The only small thing about the controversial residential and retail development being planned for Portland’s Bayside neighborhood is the first letter of its name: midtown. It’s like a developer’s inside joke — propose to build four apartment towers, each as high as 165 feet, with two parking garages and two acres of space for restaurants and shops, then market the massive project as though it were not important enough to warrant capitalization.
Nobody’s fooled. There’s plenty of capital involved: about $150 million to build the whole thing over the course of the next decade. And when you consider the larger impact this development is likely to have on the city, its lower-case moniker seems appropriate. In the future, lower Bayside will be known as “midtown” in the same sense we’ve long called the area above it “downtown.”
Like downtown, midtown will be defined by tall buildings and dense with restaurants, shops, offices and apartments. Once completed, the project’s four towers will be home to upwards of 2,000 new residents, roughly doubling the neighborhood’s population. In addition to the 100,000 square feet of new retail space at the base of the towers, more commercial and residential development is sure to follow on surrounding blocks, many of which are under-developed remnants of Bayside’s industrial past.
The news that Portland is pregnant with a second downtown should be cause for celebration, but as with most pregnancies it’s also causing a lot of anxiety. A vocal minority of city dwellers, spurred by an ad hoc opposition group calling itself Keep Portland Livable, wants to abort midtown before it’s born.
Its main complaint is that this baby’s too big: It’ll cast long shadows; it’ll change the view; it’ll be windy around its corners sometimes. Critics who spoke during the planning board’s marathon public hearing last Tuesday night likened midtown to the Berlin Wall and predicted it will transform Portland into Newark, N.J., a “dehumanizing, brutal place.” A resident of tony Baxter Boulevard warned the board against “destroying the iconic skyline of the city.” A young guy who lives in the Old Port called midtown a “blocky disaster.” Keri Lord, a Parkside resident who served on the task force that created a master plan for Bayside in the late 1990s, declared that midtown “destroys the nature of Portland” and undermines trust in city government (as though, in the wake of the Congress Square Park debacle, any remained).
Though I think Keep Portland Livable’s arguments verge on the ridiculous — most of their gripes could be lodged against any tall structure erected on the earth’s surface — it’s encouraging to see citizens get passionate about even the mundane details of a major construction project. Many who spoke at Tuesday’s hearing had constructive ideas to improve the development, like widening the sidewalk along Somerset Street and making the backside of the buildings, which abut the Bayside Trail, attractive and accessible to passersby.
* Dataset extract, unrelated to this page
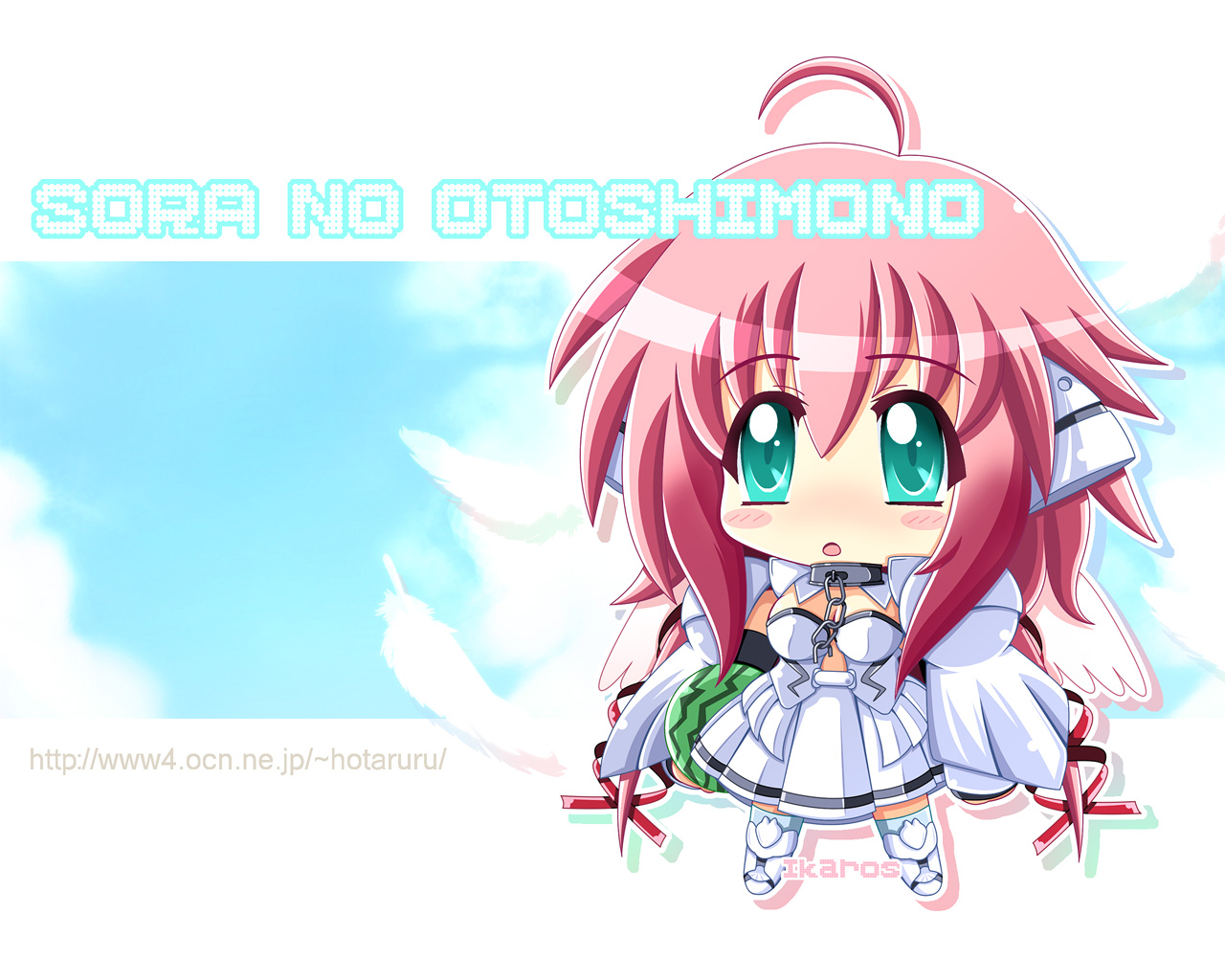 aqua_eyes, breasts, chibi, cleavage, collar, food, fruit, hotaruru, ikaros, long_hair, red_hair, skirt, sora_no_otoshimono, watermark, watermelon, wings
It’s telling that some of Bayside’s staunchest defenders don’t appreciate midtown’s most strident critics. “I’m a little tired of being talked at by people living in other neighborhoods,” said Steve Hirshon, a longtime Baysider who hosts a weekly morning show on radio station WMPG.
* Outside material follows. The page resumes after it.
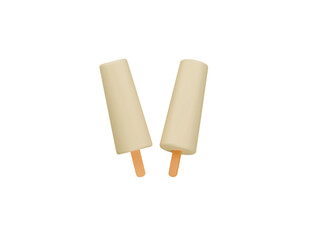 two vanilla ice cream icon 3d illustration render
Hirshon and his neighbors have long endured the negative consequences of living in the blighted backside of town among brownfields, dumpy houses and dilapidated industrial structures. The homeless shelters and other social-service providers clustered in the area draw hundreds of desperate people struggling with mental-health and substance-abuse problems to Bayside’s trash-strewn streets. (Earlier this fall, residents of the 16-story Back Bay Tower were alarmed by the growing number of used syringes found littering the property.)
Midtown’s critics decry the fact its developer, the Federated Companies, plans to rent the high-rise apartments at market rates — reportedly in the range of $1,300 to $1,700 per month for studios, one- and two-bedroom units. But Bayside already has two affordable-housing projects, Unity Village and Pearl Place, and one of the largest subsidized-housing complexes in the city, Kennedy Park, is just across Franklin Street, in East Bayside. This is exactly the mix of affordable and market-rate housing the city’s master plan, A New Vision for Bayside, envisioned.
Midtown is hardly a done deal. Federated has only submitted detailed plans for the first phase of the development (one tower and one parking garage), the success of which will determine the fate of the rest of the project, and numerous proposals in recent years for similar projects on the peninsula have died before the first shovel could break ground. But if midtown succeeds, light a cigar and pop the champagne. This big baby promises to make Portland proud.